Massachusetts Pension Reserves Investment Management will increase its target allocation to private equity in 2023, while also reducing the amount it plans to commit to the asset class.
Many pension systems find themselves in a juggling act as they must combine their bullish outlook towards private equity against the concerns of being over-allocated to the asset class due to the denominator effect. The latter occurs as private market valuations lag the direction taken by public market valuations by several quarters.
At its meeting held on February 16, the $92 billion system’s board of trustees voted to increase MassPRIM’s targeted allocation range to private equity by one percentage point, to 13 percent to 19 percent, up from 12 percent to 18 percent.
Buyouts reviewed documents pertaining to the board meeting.
At the same time, the board also approved a plan to commit between $2.2 billion to $3 billion to private equity in 2023, down from $2.7 billion to $3.3 billion last year.
MassPRIM currently allocates 17.7 percent of its total fund to the asset class, according to board documents.
Increasing the targeted range gives the system more flexibility in managing its private equity allocations. Decreasing the amount it plans on committing will help it stay comfortably within that range in an unpredictable economy marked by rising interest rates, inflation and other macro-factors.
MassPRIM chief investment officer Michael Trotsky noted in his report to the board that 80 percent of the system’s peers are between 4 percent and 6 percent over their targeted ranges to private equity.

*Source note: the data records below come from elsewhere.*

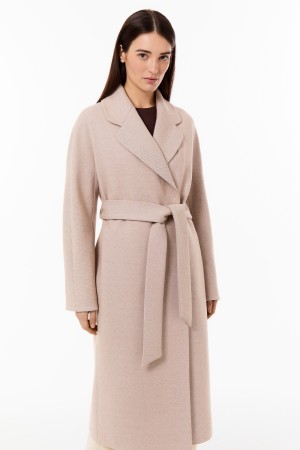 пальто с поясом фотография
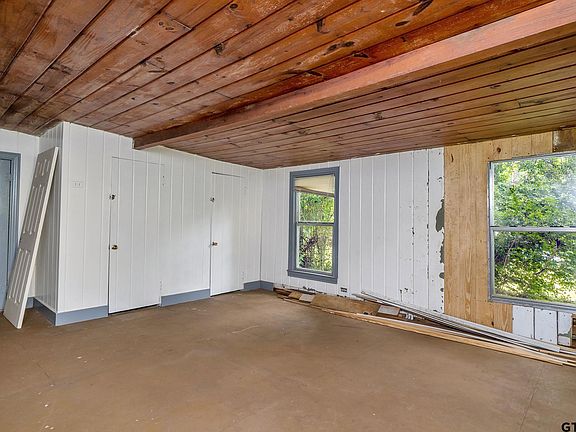 4th image of 20487 Red Oak St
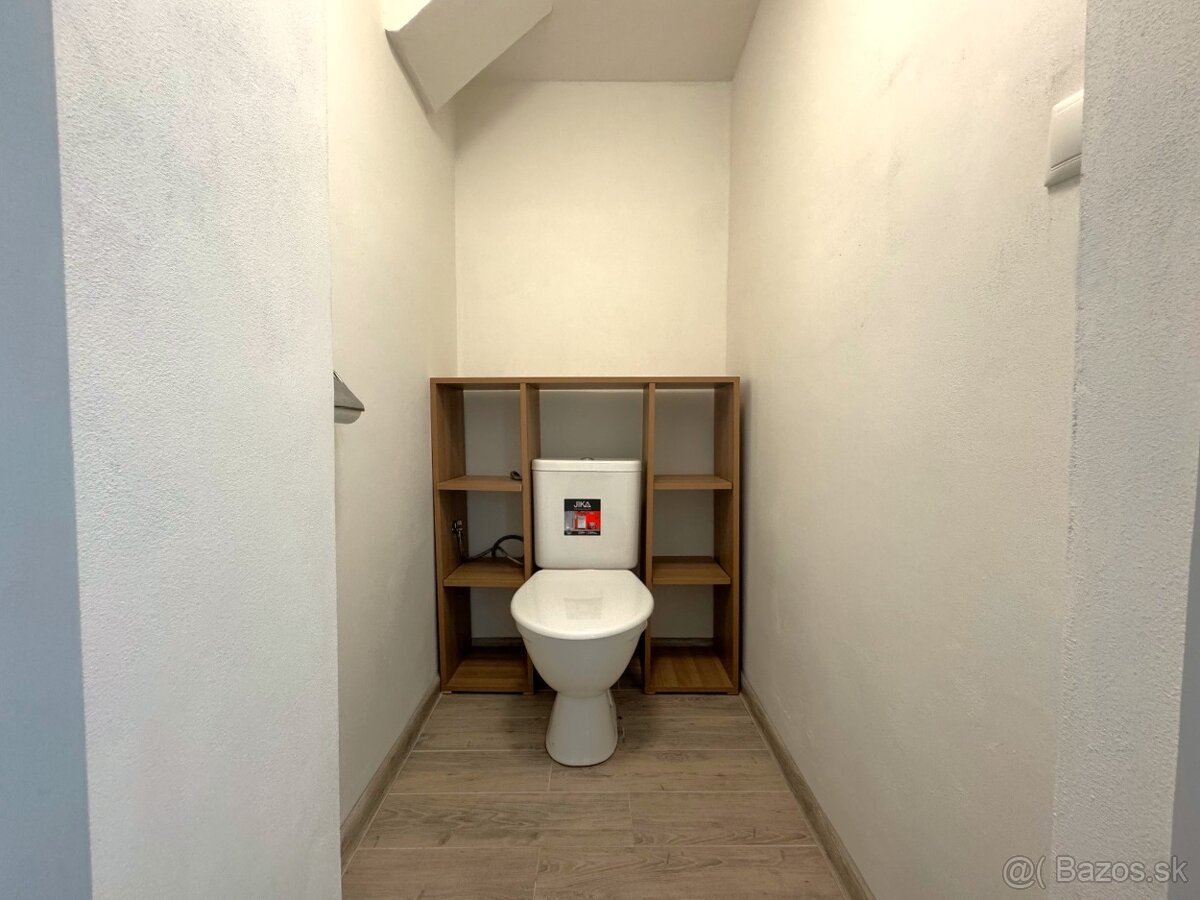 Veľký dvojgeneračný RD s bazénom v obci Petrova Ves - 11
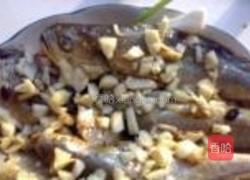 虾鲜酱清蒸黄鱼的做法图解7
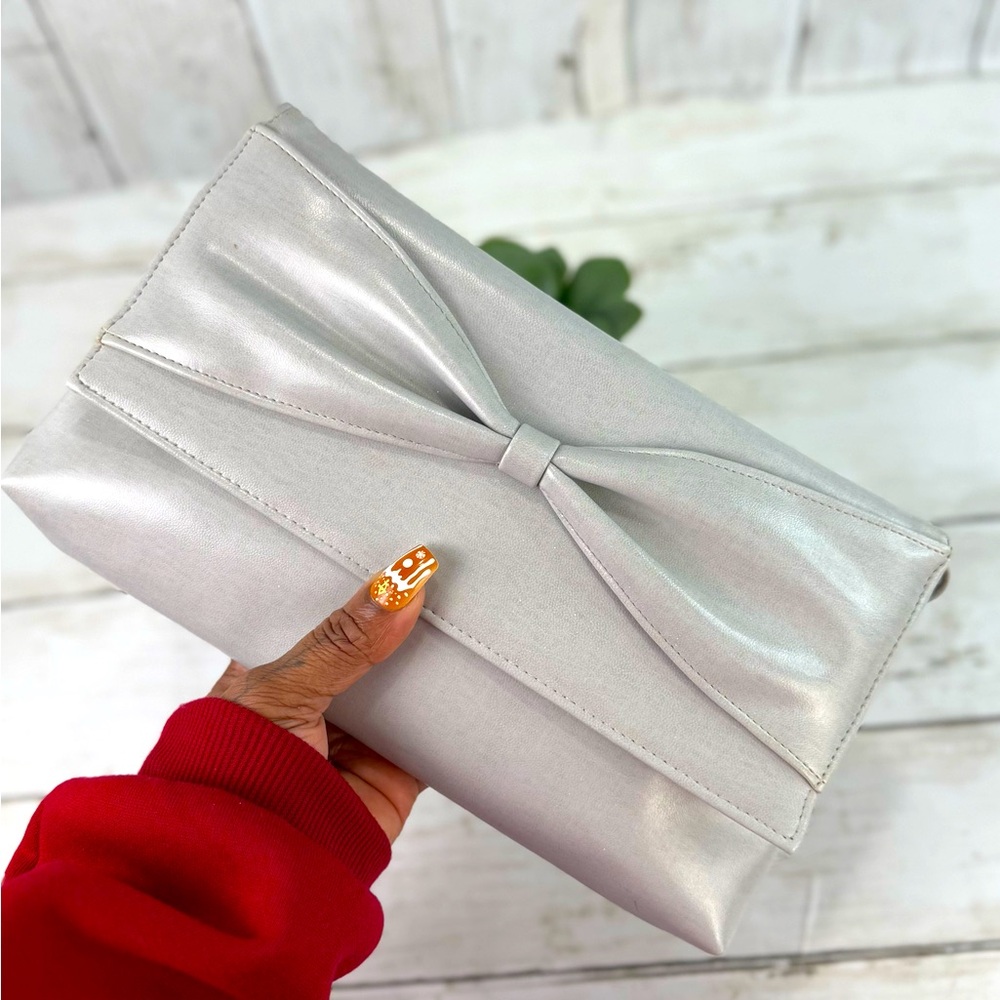 Vintage Women’s 80s Faux Leather Bow Front Shoulder Bag Clutch Gray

“Maintaining a consistent pace of private equity commitments has been a key contributor to our long-term success. We have observed throughout our history that some of our highest performing private equity vintage years originate during volatile times like this, when other investors may be cutting their commitments for a variety of reasons,” Trotsky said in his report.
According to the presentation, MassPRIM, State Teachers Retirement System of Ohio and New Jersey Division of Investment also have a 6-percent range for private equity target allocations, which rank as the lowest.
Increasing the targeted range for private equity would result in a 10-year expected return of 9.4 percent and 30-year expected return of 10.2 percent, when using the most recent assumptions for the asset class, according to consultant NEPC.